History

Norway
- Name: Laurdal
- Out of service: 13 March 1876
- Fate: wrecked at Eierlandse Gat [nl], Texel, the Netherlands on 12 March 1876

General characteristics
- Type: Barque
- Crew: 14

= Laurdal =

Norwegian barque

Laurdal was a Norwegian barque in the 19th century.

==Fate==
In 1876 the ship was sailing with captain Gramnas, from Drøbak to Limmerik with a cargo of ice.

Due to a Northwestern storm the ship wrecked in the evening of 12 March 1876 at Eierlandse Gat, “30 minutes” off the coast of Texel, the Netherlands.

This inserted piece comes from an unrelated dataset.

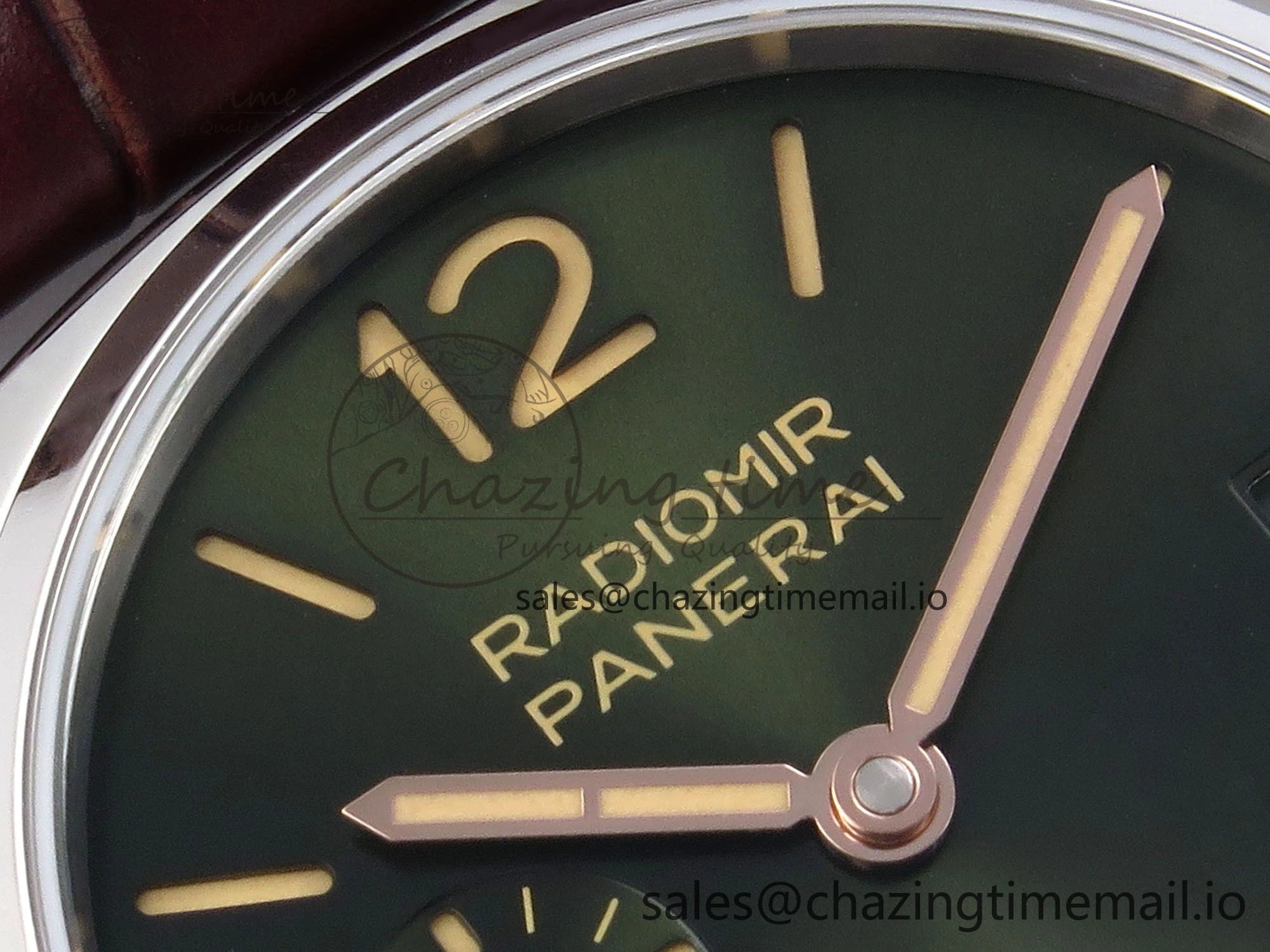 Fashionable PAM1386 Y Radiomir TTF 1:1 Best Edition Green Dial on Brown Leather Strap P 8320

It was discovered the next morning of 13 March 1876. Early in the morning the mayor, commission members of the Noord- en Zuid-Hollandsche Reddingmaatschappij and the vice-consul of Norway and Sweden arrived. A lifeboat was quickly prepared. However, At 11am (local time) the boat could not enter the water due to bad weather. At the moment only a few parts of the masts of the ship were still visible. When the boat went to the ship, the first attempt to reach the wreckage and to save the people on board failed. After three hours of trying to reach the ship, they gave up and turned back. It was described as heartbreaking how the crew members were screaming after the lifeboat returned. The rescuers stated that a second attempt was impossible due to the weather. Other sailors on the beach from Oudeschild offered to attempt a rescue. However, the described as courageous, Jan Stark was able to convince his crew to try it again. The storm had calmed down a bit in the meantime. They managed to reach the ship and an hour later all 14 crew members were rescued.
The next day the boat was completely destroyed and nothing could be salvaged.

==Reactions==
Pastor J.A. Scholte thanked extensively the rescue companies and particularly all the rescue workers by name at advertisement space in multiple newspapers.

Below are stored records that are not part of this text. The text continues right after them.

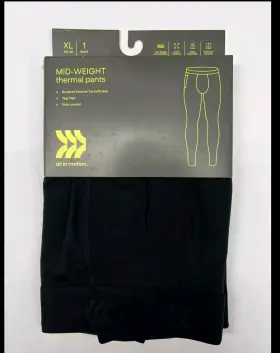 040041550 All In Motion Mens Black Mid-weight Side Phone Pocket Thermal Pants Sz Xl 40-42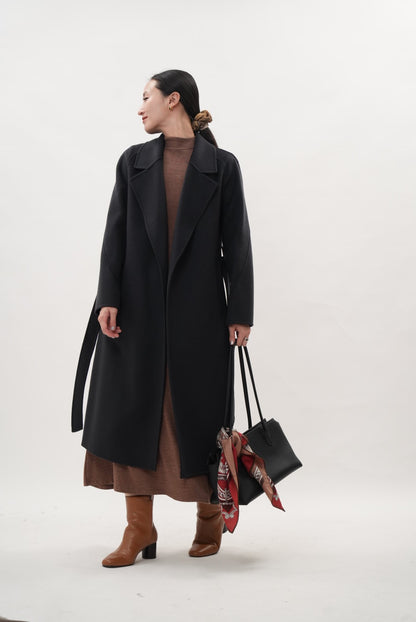 ウール100％ ダブルフェイスロングコート（チャコールグレー）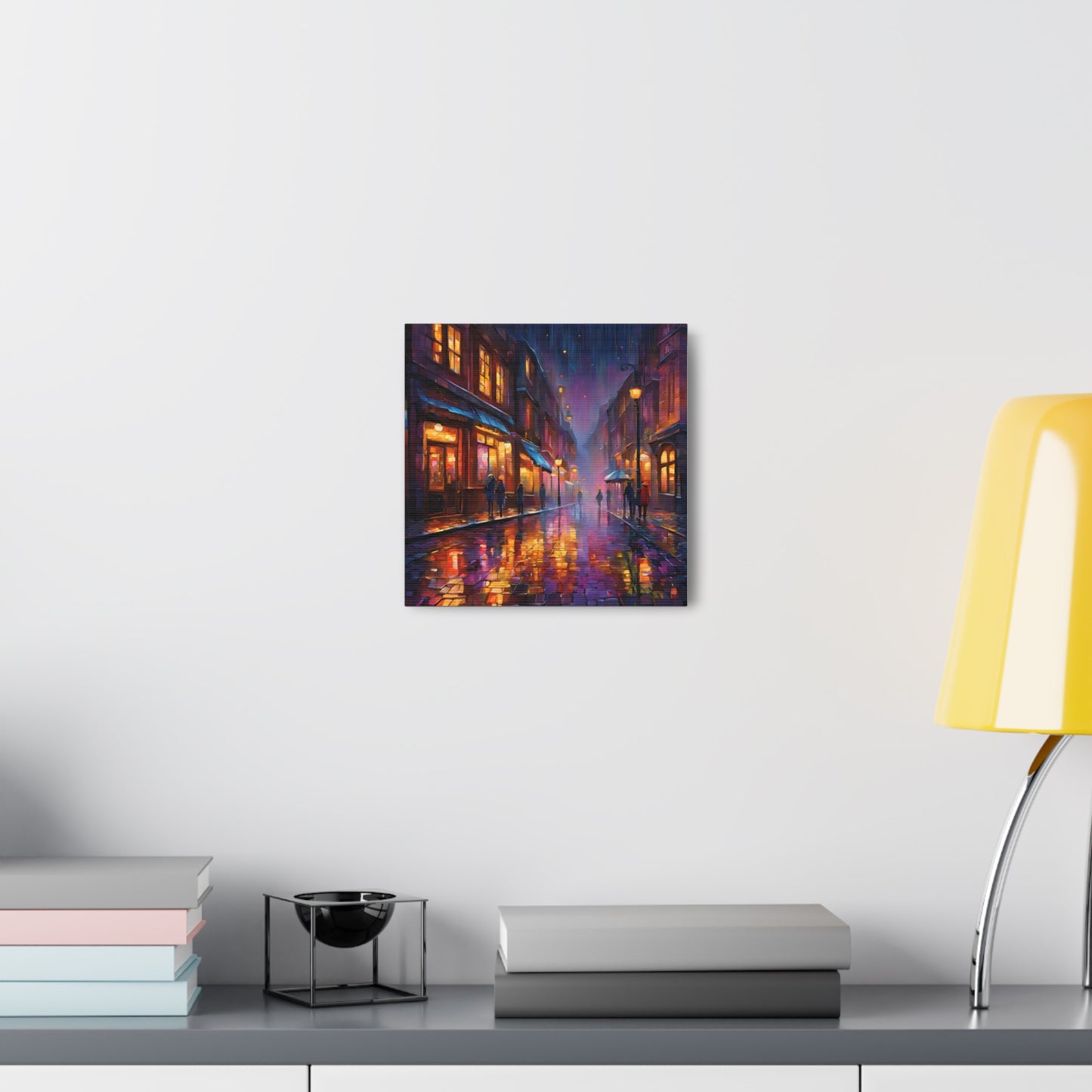 A Rainy Evening in the City Canvas Gallery Wraps - Urban Nightscape Art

Dutch painter Cornelis Christiaan Dommersen made a painting of the rescue effort.

In October 1876, the King of Sweden and Norway Oscar II appointed the vice-consul in Texel, Mr. Coninck Westenberg, as knight of the Order of St. Olav as a reward for the efforts to save the crew of the Laurdal. Also, an amount of 200 Guilder was given to the people who helped in this rescue effort.